Hace pocos días le pedí que le dedicara uno de sus libros –Río Muerto– a un valiente y perseverante constructor de paz a quien queríamos darle algo que transmitiera corazón, gratitud, un abrazo que pudiera repasar hoja tras hoja.

Llegué a la casa del escritor (estrictamente ‘apartamento’, pero ‘casa’ da más sensación de hogar) y me sentí entrando –y así se lo dije– a un santuario. Pero no un santuario de reliquias y joyas intocables, sino de humanismo palpable, cariño, vida latente y expresiva: el hábitat de una familia arropada por un telar de amor. Una perrita dorada, materas llenas de vida, libros, miles de libros por todos lados, una colección casi infinita de películas; juegos de niños, la carpa de la fantasía, una casa de muñecas y el estudio donde se conciben, se escriben y se dan a luz los libros de Ricardo Silva Romero y el trabajo de Carolina, su adorable mujer. Como en una sala de partos, pero sin luces estridentes ni paredes asépticas, sino entre cuadros pintados por los hijos y el diálogo entre el silencio y la cultura, llegan a la vida los cuentos y novelas que le han dado la vuelta al mundo en librerías y festivales. Ahí se abre la puerta a los milagros, a la imaginación, la memoria y la literatura de todos los tiempos.

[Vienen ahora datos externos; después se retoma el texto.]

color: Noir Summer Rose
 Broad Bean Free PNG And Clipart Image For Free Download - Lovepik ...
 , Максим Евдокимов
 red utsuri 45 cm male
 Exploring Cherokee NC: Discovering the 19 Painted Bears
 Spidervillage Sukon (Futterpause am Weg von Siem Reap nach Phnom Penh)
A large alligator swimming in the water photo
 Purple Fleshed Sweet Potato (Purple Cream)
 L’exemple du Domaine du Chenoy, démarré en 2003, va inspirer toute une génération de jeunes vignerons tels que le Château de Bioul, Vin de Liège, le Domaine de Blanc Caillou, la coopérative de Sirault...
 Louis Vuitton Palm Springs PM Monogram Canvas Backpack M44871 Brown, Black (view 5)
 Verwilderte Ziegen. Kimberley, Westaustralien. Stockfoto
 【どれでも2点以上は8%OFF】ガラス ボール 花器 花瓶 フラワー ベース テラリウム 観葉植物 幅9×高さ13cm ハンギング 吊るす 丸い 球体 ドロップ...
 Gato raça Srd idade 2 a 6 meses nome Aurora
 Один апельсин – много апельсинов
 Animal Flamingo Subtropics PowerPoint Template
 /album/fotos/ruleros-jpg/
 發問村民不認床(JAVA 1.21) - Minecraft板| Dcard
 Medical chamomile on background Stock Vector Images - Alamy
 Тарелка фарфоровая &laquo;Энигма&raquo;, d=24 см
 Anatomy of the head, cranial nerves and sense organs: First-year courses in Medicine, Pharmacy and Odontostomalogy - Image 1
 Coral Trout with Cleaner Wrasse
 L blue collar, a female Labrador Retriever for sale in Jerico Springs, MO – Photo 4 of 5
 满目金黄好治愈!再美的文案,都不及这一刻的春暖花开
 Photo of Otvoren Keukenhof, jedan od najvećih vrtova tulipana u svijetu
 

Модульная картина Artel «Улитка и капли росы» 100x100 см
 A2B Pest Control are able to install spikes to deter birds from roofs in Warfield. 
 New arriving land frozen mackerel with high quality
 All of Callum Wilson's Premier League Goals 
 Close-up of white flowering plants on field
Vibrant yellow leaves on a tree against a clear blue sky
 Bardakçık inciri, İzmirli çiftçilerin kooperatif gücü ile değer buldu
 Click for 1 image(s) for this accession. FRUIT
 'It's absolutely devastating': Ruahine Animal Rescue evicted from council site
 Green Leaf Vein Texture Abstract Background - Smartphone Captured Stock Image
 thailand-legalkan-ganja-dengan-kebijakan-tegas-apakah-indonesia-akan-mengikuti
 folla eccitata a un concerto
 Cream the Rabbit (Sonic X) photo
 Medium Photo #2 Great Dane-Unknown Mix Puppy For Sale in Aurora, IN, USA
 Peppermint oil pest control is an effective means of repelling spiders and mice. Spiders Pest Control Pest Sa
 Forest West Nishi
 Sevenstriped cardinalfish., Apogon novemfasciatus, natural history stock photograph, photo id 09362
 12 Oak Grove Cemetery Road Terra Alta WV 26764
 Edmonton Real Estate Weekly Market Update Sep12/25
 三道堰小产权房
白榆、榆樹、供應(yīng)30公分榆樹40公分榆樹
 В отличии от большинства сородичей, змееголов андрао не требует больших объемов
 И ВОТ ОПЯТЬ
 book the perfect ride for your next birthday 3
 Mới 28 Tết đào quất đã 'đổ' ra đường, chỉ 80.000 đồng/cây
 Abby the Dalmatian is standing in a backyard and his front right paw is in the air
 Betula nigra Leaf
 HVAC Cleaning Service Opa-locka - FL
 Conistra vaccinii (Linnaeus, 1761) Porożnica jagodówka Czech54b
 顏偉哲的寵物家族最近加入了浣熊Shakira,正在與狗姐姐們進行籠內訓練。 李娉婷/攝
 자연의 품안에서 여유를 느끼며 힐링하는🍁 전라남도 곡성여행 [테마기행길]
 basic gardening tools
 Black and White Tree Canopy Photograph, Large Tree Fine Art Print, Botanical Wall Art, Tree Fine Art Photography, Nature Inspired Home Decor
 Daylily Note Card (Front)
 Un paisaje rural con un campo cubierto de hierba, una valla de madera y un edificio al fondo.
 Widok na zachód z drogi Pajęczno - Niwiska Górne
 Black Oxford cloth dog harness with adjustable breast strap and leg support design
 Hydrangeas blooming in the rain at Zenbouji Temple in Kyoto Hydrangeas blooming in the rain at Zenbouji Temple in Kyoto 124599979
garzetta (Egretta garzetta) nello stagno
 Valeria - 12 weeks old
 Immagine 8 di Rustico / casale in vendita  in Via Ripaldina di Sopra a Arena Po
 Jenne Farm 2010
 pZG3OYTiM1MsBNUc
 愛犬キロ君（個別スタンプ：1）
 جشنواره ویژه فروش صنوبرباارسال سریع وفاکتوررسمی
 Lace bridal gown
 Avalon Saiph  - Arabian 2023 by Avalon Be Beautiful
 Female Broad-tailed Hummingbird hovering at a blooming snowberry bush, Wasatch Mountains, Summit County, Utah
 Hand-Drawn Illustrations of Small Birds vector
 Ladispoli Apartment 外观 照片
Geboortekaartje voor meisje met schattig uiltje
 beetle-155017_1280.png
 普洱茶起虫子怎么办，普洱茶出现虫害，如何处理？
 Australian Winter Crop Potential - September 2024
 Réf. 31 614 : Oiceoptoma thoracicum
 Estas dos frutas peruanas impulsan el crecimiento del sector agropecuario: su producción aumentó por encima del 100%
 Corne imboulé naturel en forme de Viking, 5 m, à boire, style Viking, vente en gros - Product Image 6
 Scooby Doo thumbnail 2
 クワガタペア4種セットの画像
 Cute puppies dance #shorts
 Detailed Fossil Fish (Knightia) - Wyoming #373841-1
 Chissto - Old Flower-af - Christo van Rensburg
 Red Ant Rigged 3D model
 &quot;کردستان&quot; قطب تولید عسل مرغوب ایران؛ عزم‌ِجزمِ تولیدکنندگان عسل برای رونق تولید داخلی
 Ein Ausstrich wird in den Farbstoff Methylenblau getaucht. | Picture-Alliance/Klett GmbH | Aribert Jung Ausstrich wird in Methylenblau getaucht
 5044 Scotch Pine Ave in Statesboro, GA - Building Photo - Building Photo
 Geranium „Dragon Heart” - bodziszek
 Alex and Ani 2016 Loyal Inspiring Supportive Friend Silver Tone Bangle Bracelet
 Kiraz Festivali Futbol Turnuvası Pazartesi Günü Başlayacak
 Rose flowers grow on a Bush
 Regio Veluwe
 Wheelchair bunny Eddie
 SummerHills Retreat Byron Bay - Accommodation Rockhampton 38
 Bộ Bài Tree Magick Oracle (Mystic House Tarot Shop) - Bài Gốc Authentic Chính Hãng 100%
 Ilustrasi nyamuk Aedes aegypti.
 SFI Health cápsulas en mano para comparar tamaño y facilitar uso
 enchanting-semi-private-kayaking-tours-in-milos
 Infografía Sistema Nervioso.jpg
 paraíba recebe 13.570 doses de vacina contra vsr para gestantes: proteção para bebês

Uno se queda ahí, quieto, respira profundo como saboreando el aire que huele a magia y se ven flotar palabras y montañas, veredas campesinas y barrios de ciudad; pasan los muertos y los vivos, los tristes y los reconciliados; el padre, la madre, los corredores del Palacio de Justicia, las Cortes y los cementerios, los maestros del colegio y los compañeros de infancia; pasan bicicletas y ahorcados, pasan fantasmas, amores clandestinos, furtivos o definitivos; pasa Colombia con su decisión de no dejarse derrotar, sus ríos fuertes, sus ríos tristes, su resistencia por encima de las indiferencias y los vandalismos que han cometido gobernantes y gobernados.

Gracias, querido escritor, por prestarme la dulce fortaleza del aire que respiras.

Antes de terminar: así muchos no dimensionen lo que significa y prefieran atizar el fuego del escepticismo, siento el deber moral de contarlo porque la esperanza tiene razones para seguir viva y la gente tiene derecho a saberlo. Luego del mes más difícil que haya atravesado la mesa de negociaciones entre el gobierno nacional y la Coordinadora Nacional Ejército Bolivariano, ambas delegaciones se reunieron en un resguardo indígena en zona rural de Tumaco y acordaron la reactivación de la mesa; se rescató lo que había quedado en puntos suspensivos luego de la insólita captura de uno de los delegados (digo insólita, porque en ningún proceso de paz en el mundo se había privado de la libertad a un negociador en pleno marco de una sesión de conversaciones). A pesar de tantos factores externos que hubieran podido despedazar la mesa, ambas delegaciones ratificaron su compromiso con avanzar en la solución pacífica del conflicto armado y el cuarto ciclo será en abril. Perseverancia y más perseverancia. La búsqueda de la paz no se detiene.